The Background distribution is defined as the product of a Uniform distribution (X dimension) and a Normal distribution (Y dimension).

Parameters:
  • mu (float) – The mean of the CrystalBall distribution in the X dimension for the Signal component.

  • sigma (float) – The standard deviation of the CrystalBall distribution in the X dimension for the Signal component.

  • beta (float) – The threshold value of the CrystalBall distribution in the X dimension for the Signal component. Must be beta > 0.

  • m (float) – The power-law tail exponent of the CrystalBall distribution in the X dimension for the Signal component. Must be m > 1.

  • lamb (float) – The decay constant (rate) of the ExponentialDecay distribution in the Y dimension for the Signal component. Must be lamb > 0.

  • mu_b (float) – The mean of the Normal distribution in the Y dimension for the Background component.

  • sigma_b (float) – The standard deviation of the Normal distribution in the Y dimension for the Background component. Must be sigma_b > 0.

  • f (float) – The fraction of the Signal distribution in the mixture. Must be in the range [0, 1].

  • lower_bound_X (float) – The lower bound of the Uniform distribution in the X dimension for the Background component and the truncation of the CrystalBall distribution in the Signal component.

  • upper_bound_X (float) – The upper bound of the Uniform distribution in the X dimension for the Background component and the truncation of the CrystalBall distribution in the Signal component. Must satisfy lower_bound_X < upper_bound_X.

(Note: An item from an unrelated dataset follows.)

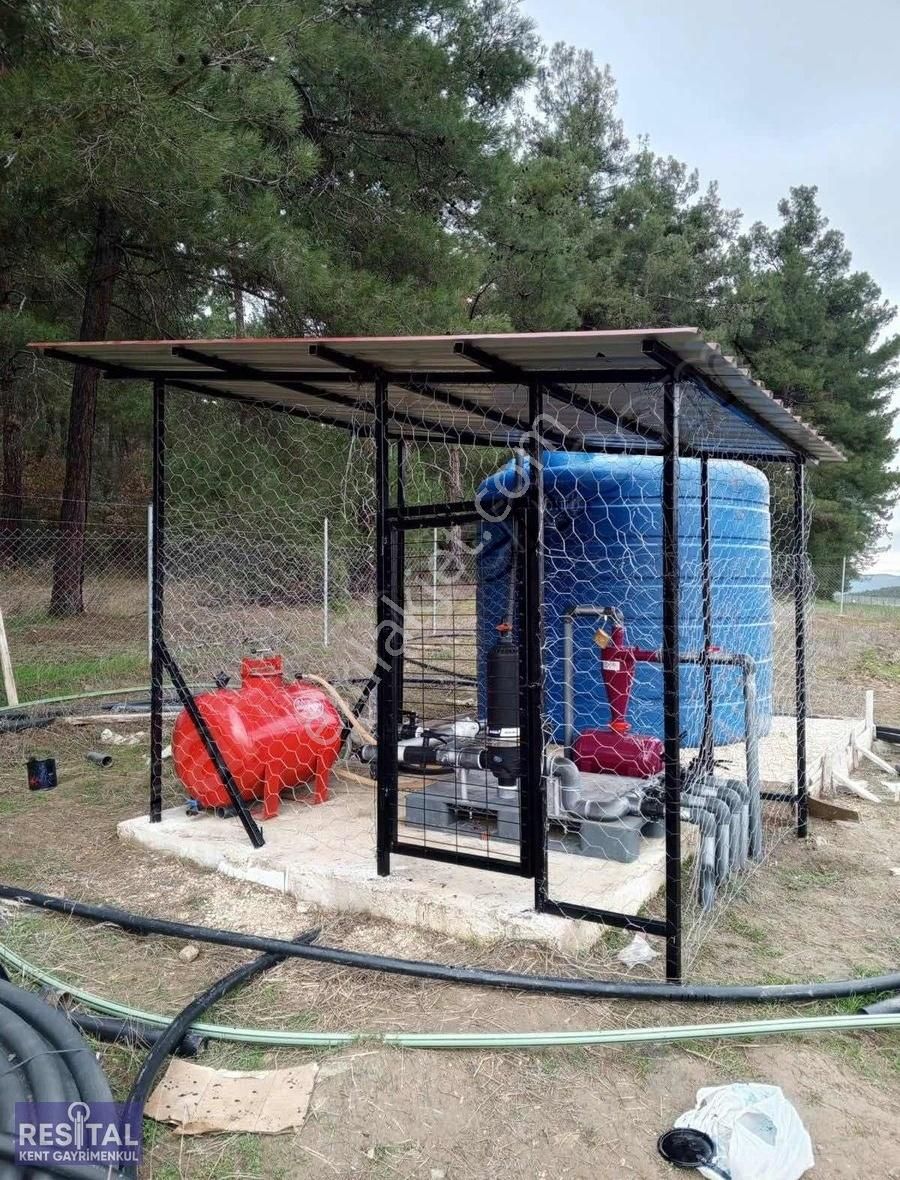 Orhaneli Esentepede 550 Adet Ceviz Fidanlı Tek Tapu Bahçe! - Görsel 7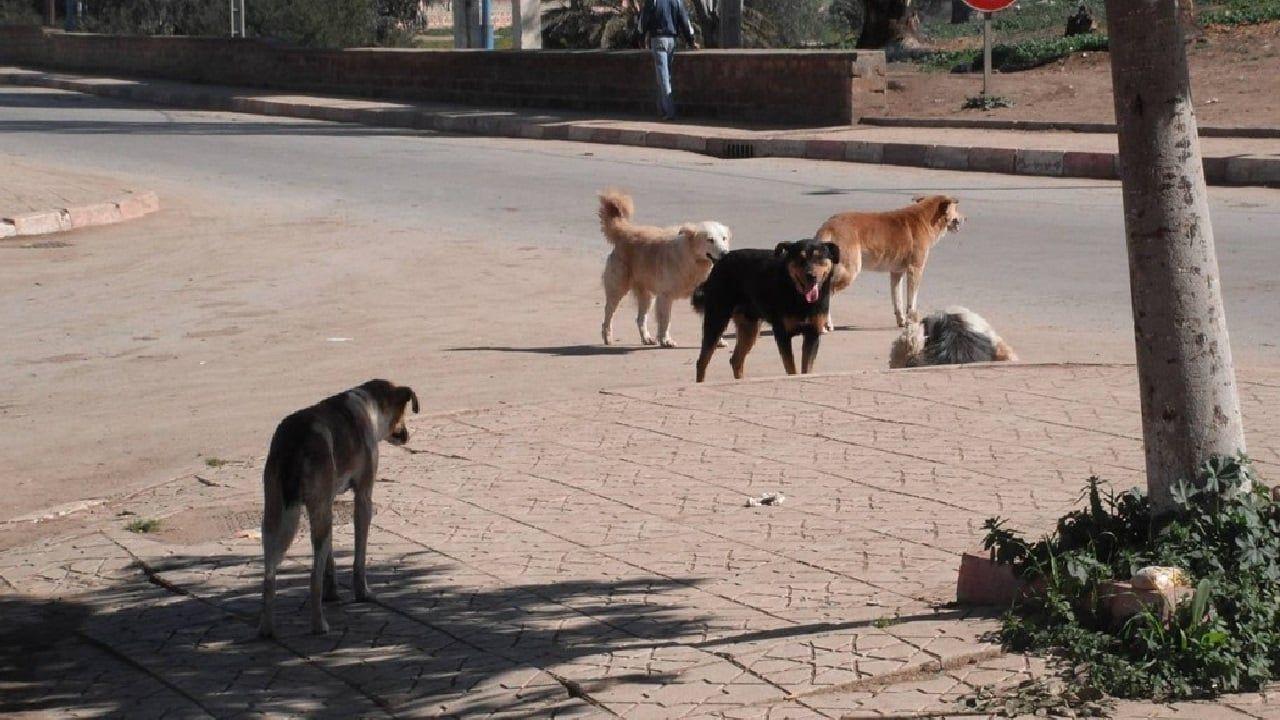 الصحة تحذر: داء الكلب قاتل 100% والنجاة مرهونة بساعات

  • lower_bound_Y (float, optional) – The lower bound of both the ExponentialDecay distribution (Signal component) and the Normal distribution (Background component) in the Y dimension. Default is None.

  • upper_bound_Y (float, optional) – The upper bound of both the ExponentialDecay distribution (Signal component) and the Normal distribution (Background component) in the Y dimension. Default is None.

Raises:

ValueError – If f is not in the range [0, 1]. If beta <= 0. If m <= 1. If lamb <= 0. If sigma_b <= 0. If lower_bound_X >= upper_bound_X. If lower_bound_Y >= upper_bound_Y.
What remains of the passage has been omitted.